### What needs to be done
Output all entries verbatim. Skip pictures.

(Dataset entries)
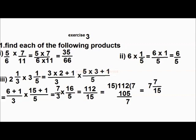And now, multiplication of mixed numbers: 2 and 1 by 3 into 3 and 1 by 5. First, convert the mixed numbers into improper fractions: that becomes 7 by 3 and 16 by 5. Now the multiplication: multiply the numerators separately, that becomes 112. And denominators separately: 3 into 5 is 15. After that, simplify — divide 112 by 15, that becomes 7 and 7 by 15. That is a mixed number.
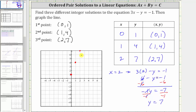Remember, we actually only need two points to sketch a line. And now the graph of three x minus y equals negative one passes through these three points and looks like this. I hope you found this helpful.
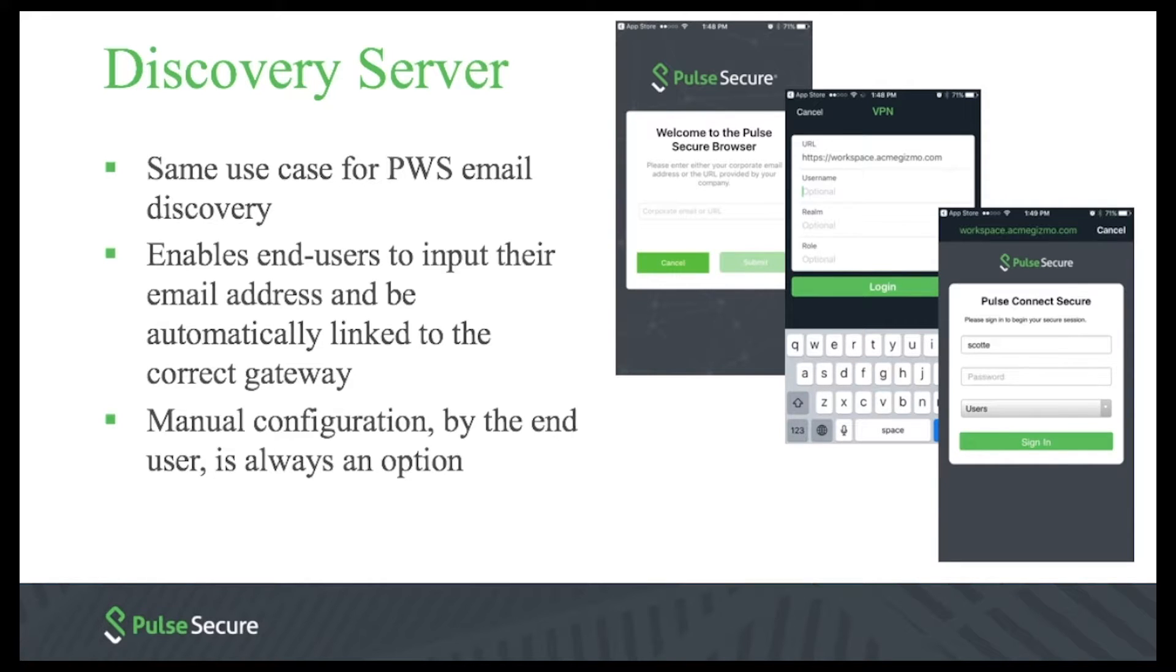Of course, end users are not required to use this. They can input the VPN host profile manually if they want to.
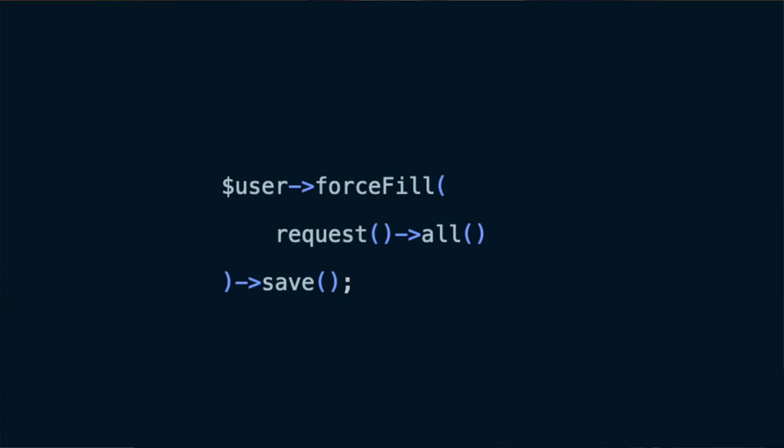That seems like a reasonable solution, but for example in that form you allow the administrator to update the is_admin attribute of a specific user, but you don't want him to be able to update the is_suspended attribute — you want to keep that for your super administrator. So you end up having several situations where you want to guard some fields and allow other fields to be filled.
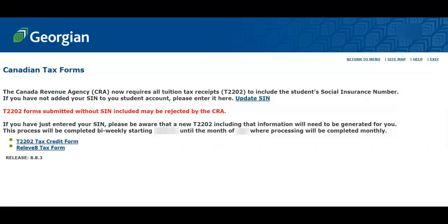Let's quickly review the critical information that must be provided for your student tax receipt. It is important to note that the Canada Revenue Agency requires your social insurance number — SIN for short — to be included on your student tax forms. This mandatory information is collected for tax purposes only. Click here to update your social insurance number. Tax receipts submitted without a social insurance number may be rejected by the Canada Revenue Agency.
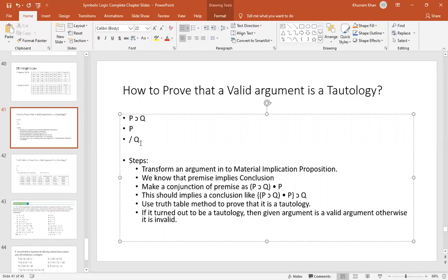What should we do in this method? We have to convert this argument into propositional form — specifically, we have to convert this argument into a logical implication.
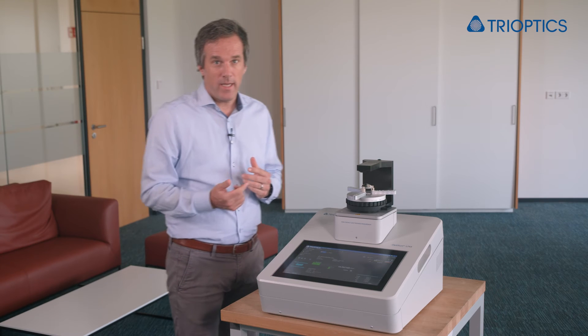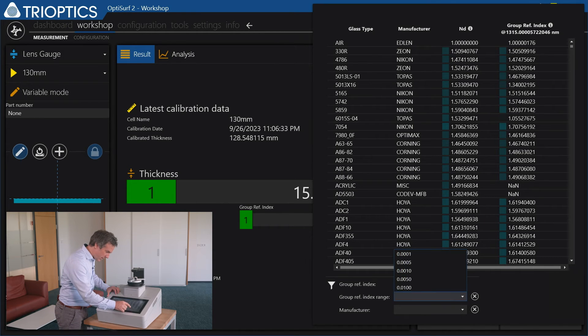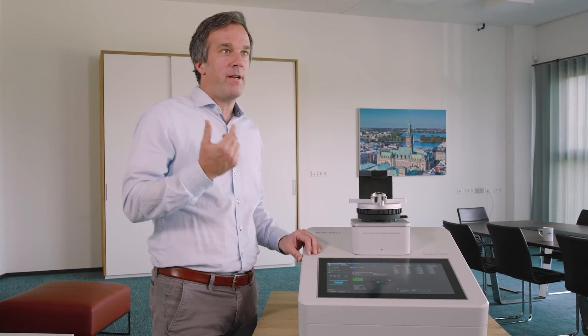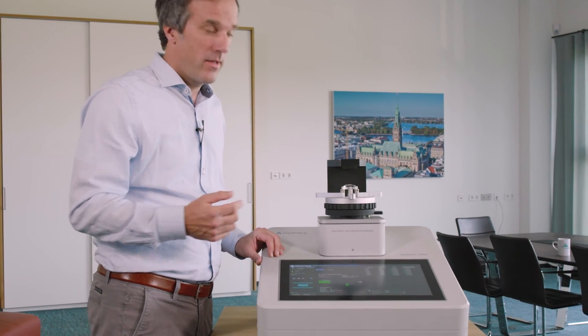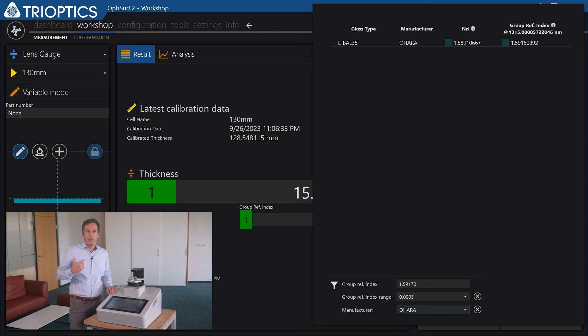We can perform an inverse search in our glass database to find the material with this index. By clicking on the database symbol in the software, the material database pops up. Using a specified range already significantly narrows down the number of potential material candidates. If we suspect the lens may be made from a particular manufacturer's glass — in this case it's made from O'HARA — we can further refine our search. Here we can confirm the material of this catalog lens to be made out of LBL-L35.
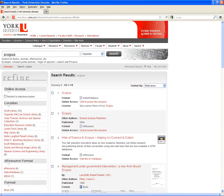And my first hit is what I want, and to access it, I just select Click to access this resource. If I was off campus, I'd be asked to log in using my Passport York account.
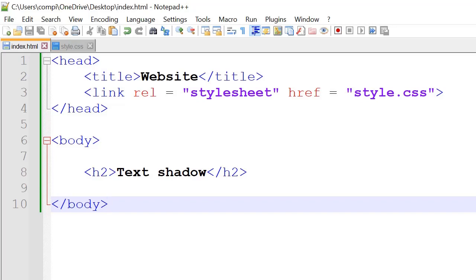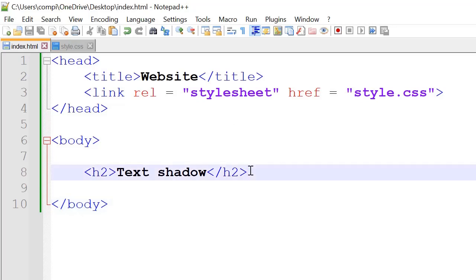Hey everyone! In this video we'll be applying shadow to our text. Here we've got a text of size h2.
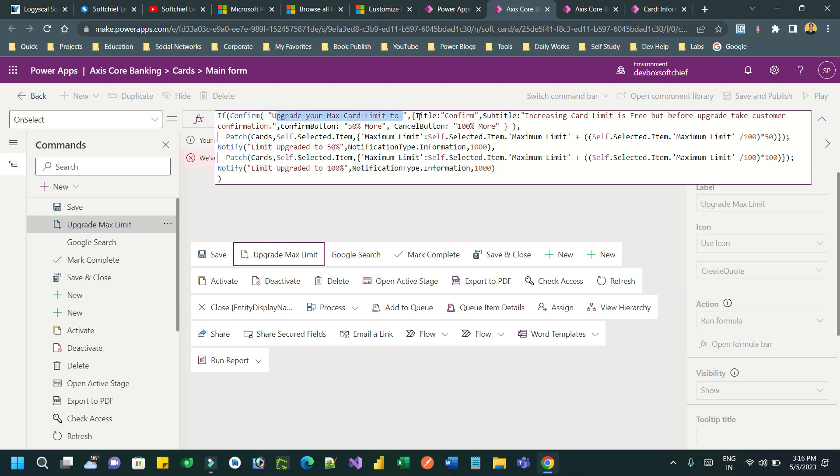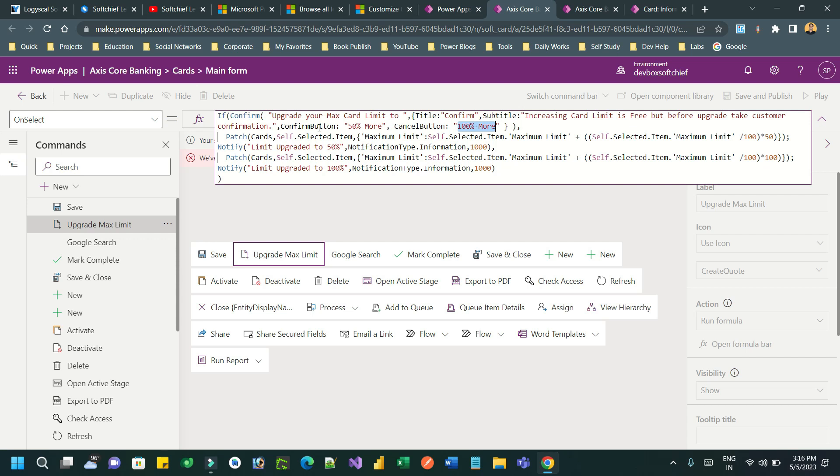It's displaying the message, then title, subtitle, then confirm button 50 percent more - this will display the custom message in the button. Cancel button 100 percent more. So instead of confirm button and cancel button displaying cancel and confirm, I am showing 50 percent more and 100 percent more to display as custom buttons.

### Response box
And now, multiplication of mixed numbers: 2 and 1 by 3 into 3 and 1 by 5. First, convert the mixed numbers into improper fractions: that becomes 7 by 3 and 16 by 5. Now the multiplication: multiply the numerators separately, that becomes 112. And denominators separately: 3 into 5 is 15. After that, simplify — divide 112 by 15, that becomes 7 and 7 by 15. That is a mixed number.
Remember, we actually only need two points to sketch a line. And now the graph of three x minus y equals negative one passes through these three points and looks like this. I hope you found this helpful.
Of course, end users are not required to use this. They can input the VPN host profile manually if they want to.
That seems like a reasonable solution, but for example in that form you allow the administrator to update the is_admin attribute of a specific user, but you don't want him to be able to update the is_suspended attribute — you want to keep that for your super administrator. So you end up having several situations where you want to guard some fields and allow other fields to be filled.
Let's quickly review the critical information that must be provided for your student tax receipt. It is important to note that the Canada Revenue Agency requires your social insurance number — SIN for short — to be included on your student tax forms. This mandatory information is collected for tax purposes only. Click here to update your social insurance number. Tax receipts submitted without a social insurance number may be rejected by the Canada Revenue Agency.
What should we do in this method? We have to convert this argument into propositional form — specifically, we have to convert this argument into a logical implication.
We can perform an inverse search in our glass database to find the material with this index. By clicking on the database symbol in the software, the material database pops up. Using a specified range already significantly narrows down the number of potential material candidates. If we suspect the lens may be made from a particular manufacturer's glass — in this case it's made from O'HARA — we can further refine our search. Here we can confirm the material of this catalog lens to be made out of LBL-L35.
And my first hit is what I want, and to access it, I just select Click to access this resource. If I was off campus, I'd be asked to log in using my Passport York account.
Hey everyone! In this video we'll be applying shadow to our text. Here we've got a text of size h2.
It's displaying the message, then title, subtitle, then confirm button 50 percent more - this will display the custom message in the button. Cancel button 100 percent more. So instead of confirm button and cancel button displaying cancel and confirm, I am showing 50 percent more and 100 percent more to display as custom buttons.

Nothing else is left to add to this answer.